Since 2008 capitalism has come under a great deal of criticism. It is amazing that before then capitalism went mostly uncriticized except in Marxist circles. Karl Marx still has written the best criticism of capitalism but now new investors called ESG (environment, social, and corporate governance) are trying to change how companies, especially publicly traded companies do business.
Caring for the Environment is Profitable?
ESG investing has gained prominence over the past five years. ESG investors are making moves throughout the economy. In 2020, Exxon-Mobil elected 4 new ESG board members to improve their climate change policies and move the company towards a post-oil environment. They have stated the goals of wanting to develop other businesses like chemicals and biofuels as they move away from gasoline production. This has been a trend within the oil industry over the past several years. Several refineries have closed. This has become a bit of a problem thanks to the current geopolitical environment, but it has been a trend. The idea is simple: what’s good for the environment can be even better for the bottom line.

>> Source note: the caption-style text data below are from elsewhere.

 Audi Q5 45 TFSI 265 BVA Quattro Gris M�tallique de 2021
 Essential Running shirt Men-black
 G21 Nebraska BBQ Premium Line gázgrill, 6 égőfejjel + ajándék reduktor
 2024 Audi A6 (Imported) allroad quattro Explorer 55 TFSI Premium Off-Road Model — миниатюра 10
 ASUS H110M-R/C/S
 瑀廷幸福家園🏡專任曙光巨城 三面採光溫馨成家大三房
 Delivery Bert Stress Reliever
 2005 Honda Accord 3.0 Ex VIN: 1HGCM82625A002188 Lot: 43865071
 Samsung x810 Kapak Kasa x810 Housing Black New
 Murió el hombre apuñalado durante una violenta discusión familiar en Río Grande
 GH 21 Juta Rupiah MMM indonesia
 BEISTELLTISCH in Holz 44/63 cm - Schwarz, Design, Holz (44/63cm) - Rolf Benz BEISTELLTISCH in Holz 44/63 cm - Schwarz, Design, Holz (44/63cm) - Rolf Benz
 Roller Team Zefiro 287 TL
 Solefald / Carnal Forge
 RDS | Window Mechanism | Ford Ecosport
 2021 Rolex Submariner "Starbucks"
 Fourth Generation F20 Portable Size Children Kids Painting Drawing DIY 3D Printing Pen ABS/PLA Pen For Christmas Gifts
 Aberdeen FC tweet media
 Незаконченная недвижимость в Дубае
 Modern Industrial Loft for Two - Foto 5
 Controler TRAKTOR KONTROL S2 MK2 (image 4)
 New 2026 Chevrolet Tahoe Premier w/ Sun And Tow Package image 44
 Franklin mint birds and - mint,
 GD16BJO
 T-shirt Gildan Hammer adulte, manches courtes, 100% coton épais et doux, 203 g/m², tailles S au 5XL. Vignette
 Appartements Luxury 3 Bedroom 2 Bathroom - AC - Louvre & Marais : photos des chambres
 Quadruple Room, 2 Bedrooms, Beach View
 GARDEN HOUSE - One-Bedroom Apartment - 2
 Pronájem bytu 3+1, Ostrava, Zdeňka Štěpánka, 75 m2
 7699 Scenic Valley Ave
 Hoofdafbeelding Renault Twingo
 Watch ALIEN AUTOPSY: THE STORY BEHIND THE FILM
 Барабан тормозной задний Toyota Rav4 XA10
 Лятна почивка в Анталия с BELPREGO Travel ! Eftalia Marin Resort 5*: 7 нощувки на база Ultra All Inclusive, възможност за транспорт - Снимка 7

Other industries like the auto companies are also moving in this direct as ESG directors encourage companies to find greener solutions to their products and service. Even the fast food industry is getting in on the action by eliminating single-use plastics and making their packaging recyclable or biodegradable. These seem like simple changes but due to the volume that companies use of these things, it soon adds up to less waste in the streets and water ways. It also means that production around these things changes to things that are less damaging to the environment. However, that only has to do with objects and products what about the people involved?
Stakeholders and Capitalism
The argument is that capitalism is exploitative no matter how you cut it, it exploits someone somewhere for their labor in order to create a profit. However, ESG investors are encouraging more companies to practice Stakeholder capitalism. This is where companies set governance policies that accommodate the needs of all the stakeholders including shareholders, employees and people who live around facilities that the company owns.
Using something like oil and chemicals again, this would be prioritizing safety so that chemicals don’t pollute local water supplies or cause unnecessary damage to people who live nearby a production facility. Stakeholder capitalism also means caring about employees and shareholders equally rather than prioritizing shareholders against all other considerations. This is a rejection of Jack Welch method of business that only cared about shareholder value.
In another day and time, this was just how companies were run. However, now we have a clever name for it: stakeholder capitalism. This is a vital improvement in the corporate governance space. It is a great way to combat income inequality by making sure that employees have great benefits and a fair wage. This also dovetails into the rise of unionization that has been sweeping across the United States.
ESG investors recognize that companies have a deeply social impact. We’ve seen this as companies have begun to speak out on social issues in order to galvanize customers. Although this has often been divisive, these investors realize that many corporations are so large that they can be a force for societal good and for societal change. ESG tries to balance that with the fundamental nature of a business.
Can Capitalism Co-Exist with Ecology and Society?
There is an argument that capitalism is completely at odds with good ecological practices or any sort of social good. The idea that capitalism must be destroyed entirely in order to “save the planet” can be compelling. The reality is that as long as humans want to trade goods and services capitalism will exist in some form. Companies can and should do more to contribute to the society’s where they do business and I think ESG recognizes this fact. ESG investing can be a great introduction to improving how companies act in the world and help them offer their products and services will working in harmony with people and the environment. ESG investors want to find out if capitalism can adapt to serve the highest needs of humanity rather than merely exploiting people for profit. This is positive progress in the business world.
ESG investing is changing the face of corporate America. Corporations are doing more to be good citizens and to work in harmony with the environment and the people who work for them, rely on them, and live near them. Although this doesn’t fix all of capitalism’s flaws it is certainly a step in the right direction.